:: WHAT NEEDS TO BE DONE ::
Reproduce the data exactly. Omit no record.
DATASET RECORDS START
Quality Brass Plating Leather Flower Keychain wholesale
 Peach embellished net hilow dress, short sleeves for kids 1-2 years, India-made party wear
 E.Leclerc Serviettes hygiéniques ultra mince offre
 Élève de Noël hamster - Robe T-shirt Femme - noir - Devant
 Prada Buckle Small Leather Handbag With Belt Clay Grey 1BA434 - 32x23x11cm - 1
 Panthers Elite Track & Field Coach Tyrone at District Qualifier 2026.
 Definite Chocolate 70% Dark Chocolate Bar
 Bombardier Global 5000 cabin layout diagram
DATASET RECORDS END
:: EXERCISE RESULT ::
Quality Brass Plating Leather Flower Keychain wholesale
 Peach embellished net hilow dress, short sleeves for kids 1-2 years, India-made party wear
 E.Leclerc Serviettes hygiéniques ultra mince offre
 Élève de Noël hamster - Robe T-shirt Femme - noir - Devant
 Prada Buckle Small Leather Handbag With Belt Clay Grey 1BA434 - 32x23x11cm - 1
 Panthers Elite Track & Field Coach Tyrone at District Qualifier 2026.
 Definite Chocolate 70% Dark Chocolate Bar
 Bombardier Global 5000 cabin layout diagram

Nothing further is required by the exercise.